> [Dataset records]:
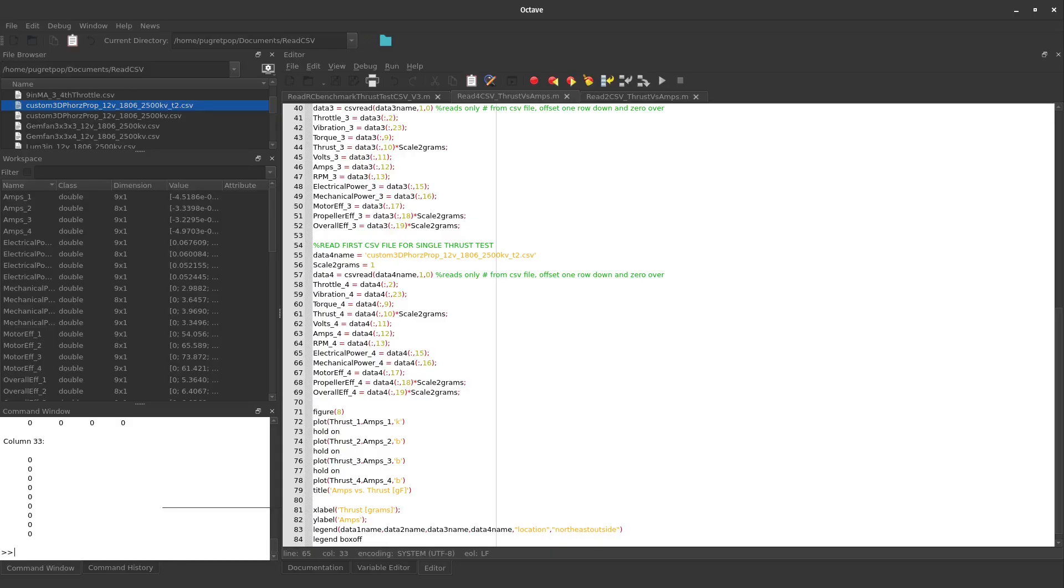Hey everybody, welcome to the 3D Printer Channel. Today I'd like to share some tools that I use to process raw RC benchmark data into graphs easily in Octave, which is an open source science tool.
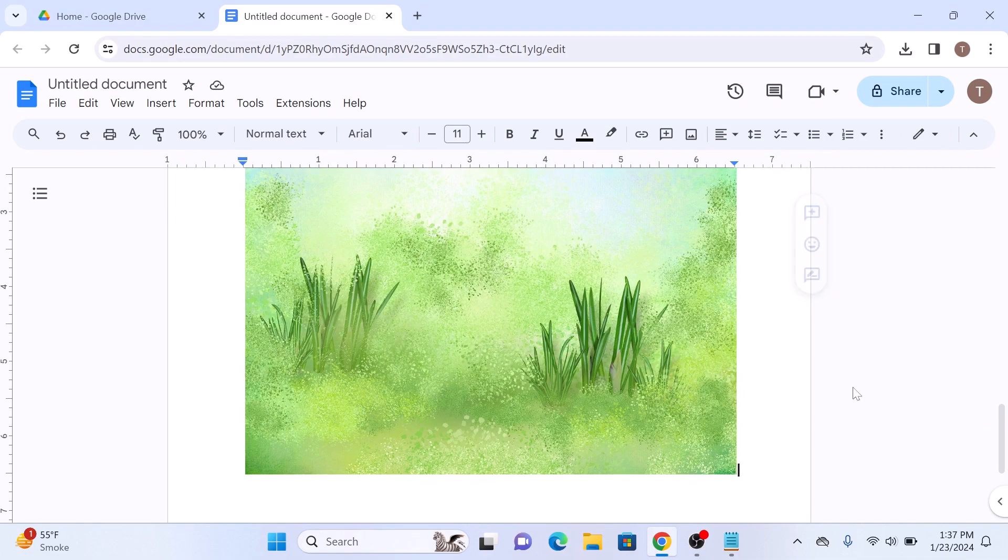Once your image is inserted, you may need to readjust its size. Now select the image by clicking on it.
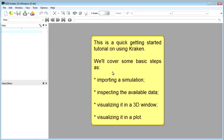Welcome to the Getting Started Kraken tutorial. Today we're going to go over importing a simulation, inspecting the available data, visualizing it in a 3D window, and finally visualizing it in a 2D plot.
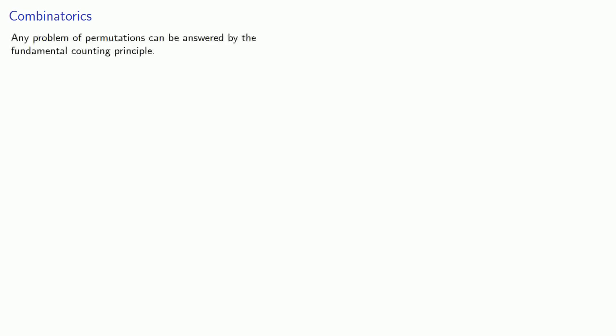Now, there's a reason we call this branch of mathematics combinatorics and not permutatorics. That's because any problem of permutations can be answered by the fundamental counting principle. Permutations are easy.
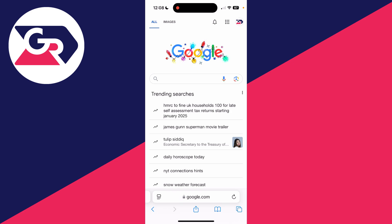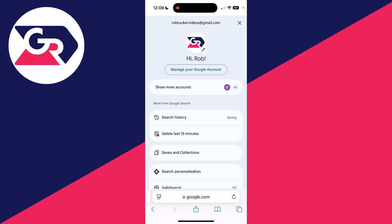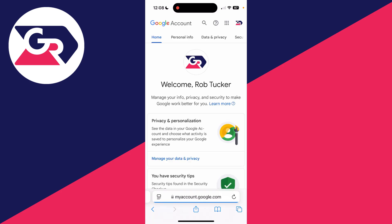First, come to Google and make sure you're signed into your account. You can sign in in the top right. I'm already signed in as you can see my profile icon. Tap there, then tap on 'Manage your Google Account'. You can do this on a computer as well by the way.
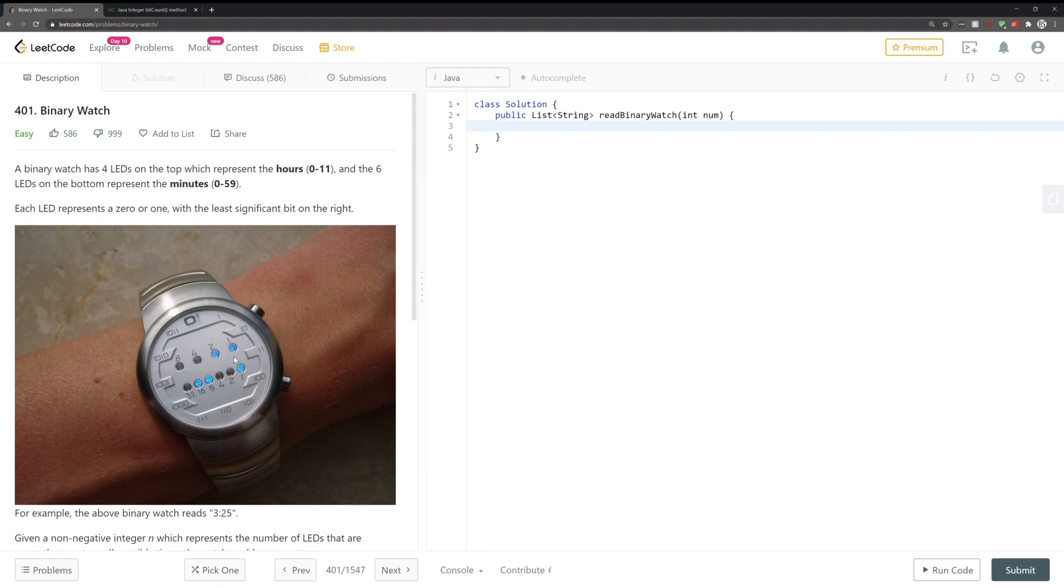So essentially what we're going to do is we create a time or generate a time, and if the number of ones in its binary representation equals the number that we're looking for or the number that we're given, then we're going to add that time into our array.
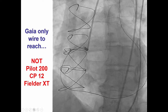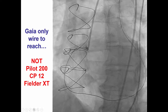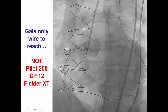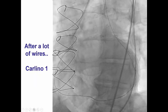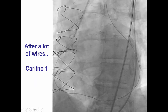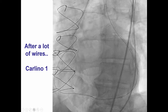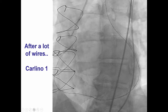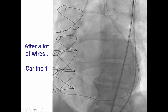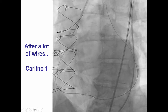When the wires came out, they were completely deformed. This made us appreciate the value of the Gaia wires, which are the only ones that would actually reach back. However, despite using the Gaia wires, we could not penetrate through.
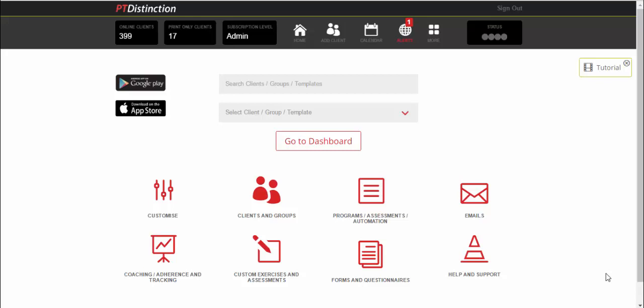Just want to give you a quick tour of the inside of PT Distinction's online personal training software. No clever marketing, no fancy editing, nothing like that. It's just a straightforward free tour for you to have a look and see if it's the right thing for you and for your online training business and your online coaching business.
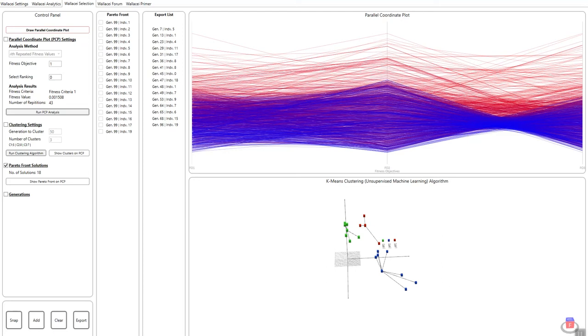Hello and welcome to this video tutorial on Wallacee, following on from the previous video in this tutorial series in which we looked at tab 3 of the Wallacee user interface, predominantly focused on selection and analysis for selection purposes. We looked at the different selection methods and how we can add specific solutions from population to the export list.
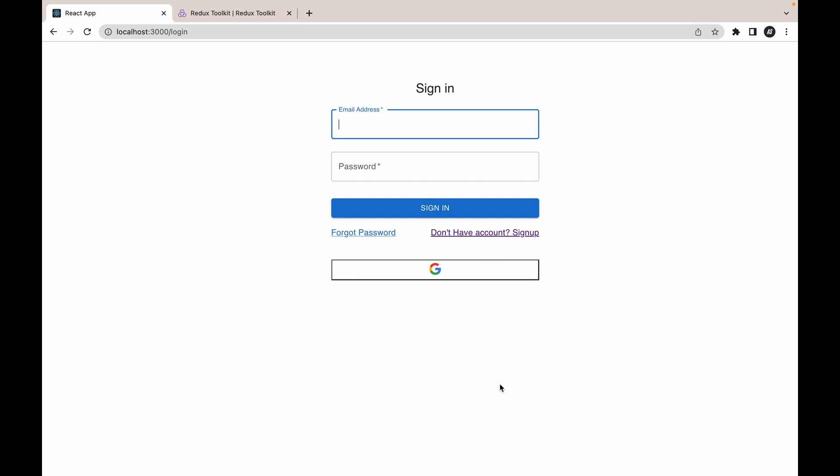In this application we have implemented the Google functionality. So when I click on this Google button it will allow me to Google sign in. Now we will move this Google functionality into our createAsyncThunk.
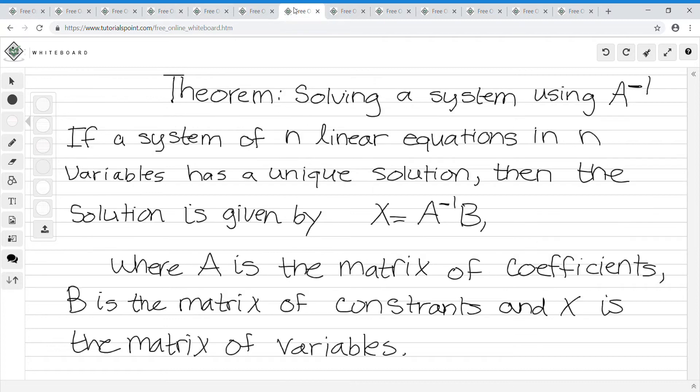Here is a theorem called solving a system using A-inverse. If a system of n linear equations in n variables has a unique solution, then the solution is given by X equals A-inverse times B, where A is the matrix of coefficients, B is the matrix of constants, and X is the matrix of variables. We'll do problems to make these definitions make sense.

> [Task details]:
The records above are to be copied exactly, without their pictures.

> [Answer area]:
Hey everybody, welcome to the 3D Printer Channel. Today I'd like to share some tools that I use to process raw RC benchmark data into graphs easily in Octave, which is an open source science tool.
Once your image is inserted, you may need to readjust its size. Now select the image by clicking on it.
Welcome to the Getting Started Kraken tutorial. Today we're going to go over importing a simulation, inspecting the available data, visualizing it in a 3D window, and finally visualizing it in a 2D plot.
Now, there's a reason we call this branch of mathematics combinatorics and not permutatorics. That's because any problem of permutations can be answered by the fundamental counting principle. Permutations are easy.
First, come to Google and make sure you're signed into your account. You can sign in in the top right. I'm already signed in as you can see my profile icon. Tap there, then tap on 'Manage your Google Account'. You can do this on a computer as well by the way.
So essentially what we're going to do is we create a time or generate a time, and if the number of ones in its binary representation equals the number that we're looking for or the number that we're given, then we're going to add that time into our array.
When the wires came out, they were completely deformed. This made us appreciate the value of the Gaia wires, which are the only ones that would actually reach back. However, despite using the Gaia wires, we could not penetrate through.
Just want to give you a quick tour of the inside of PT Distinction's online personal training software. No clever marketing, no fancy editing, nothing like that. It's just a straightforward free tour for you to have a look and see if it's the right thing for you and for your online training business and your online coaching business.
Hello and welcome to this video tutorial on Wallacee, following on from the previous video in this tutorial series in which we looked at tab 3 of the Wallacee user interface, predominantly focused on selection and analysis for selection purposes. We looked at the different selection methods and how we can add specific solutions from population to the export list.
In this application we have implemented the Google functionality. So when I click on this Google button it will allow me to Google sign in. Now we will move this Google functionality into our createAsyncThunk.
Here is a theorem called solving a system using A-inverse. If a system of n linear equations in n variables has a unique solution, then the solution is given by X equals A-inverse times B, where A is the matrix of coefficients, B is the matrix of constants, and X is the matrix of variables. We'll do problems to make these definitions make sense.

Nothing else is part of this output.